Sprucing Up Your Roof

« Back to Home

Types Of Fascia

Posted on

Fascia is the material that is installed on the underside of the part of the roof that overhangs the walls of your home. While it provides very little to the actual appearance of your home, fascia is important to protecting the interior of your house from leaks and water damage. There are three main types of fascia available on the market, each of which carries a different set of material qualities and advantages and drawbacks. Understanding what the differences are between the main types of fascia can help you choose the one that is the best fit for your home.
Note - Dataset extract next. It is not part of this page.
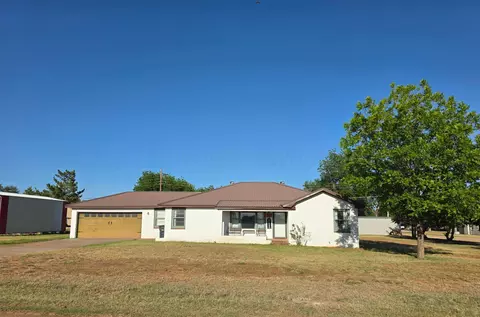 1415 Goodwin Avenue Paducah Tx 79248 Ave, Paducah, TX 79248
Fascia that is made out of UPVC is designed to be highly insulative, and it can help reduce the amount of heat exchange between your attic and the exterior of your home. This will reduce your energy bills over the long run and is a major benefit for homes located in any climate that experiences severe temperatures in either direction. Further, UPVC fascia is immune to rot and water damage and will not allow mold to begin to grow in extremely damp conditions. However, it should be noted that UPVC fascia boards tend to be more expensive than the other types of available fascia boards.
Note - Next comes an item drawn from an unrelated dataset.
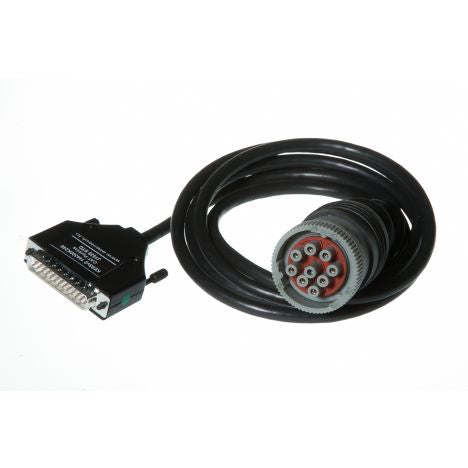 Alientech CAT/ Perkins trucks 9 pin cable J1939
Wooden fascia boards are the classic option for homeowners, and they provide a rustic appearance to your home. Wood is also fairly durable and is able to withstand a greater degree of physical abuse than UPVC fascia. However, it should be noted that fascia usually doesn't experience a great deal of physical damage in the first place, and it is not usually the focal point for people looking at your home. In addition, wood does not stand up to excessive water exposure very well and can warp and rot over time, requiring expensive replacement.


Vinyl is the most common type of fascia used in most homes today, largely due to its low price. Vinyl is much more affordable than the other two types of fascia and is immune to the rotting and mold growth that plagues wooden fascia. While vinyl is susceptible to cracking and becoming brittle due to UV exposure, the position of fascia on your home means that it will likely not experience a great deal of sun exposure. The main downside of vinyl fascia is that it does not provide the same insulative benefit that UPVC fascia does, which can allow a greater degree of heat transfer between your attic and the exterior of your home.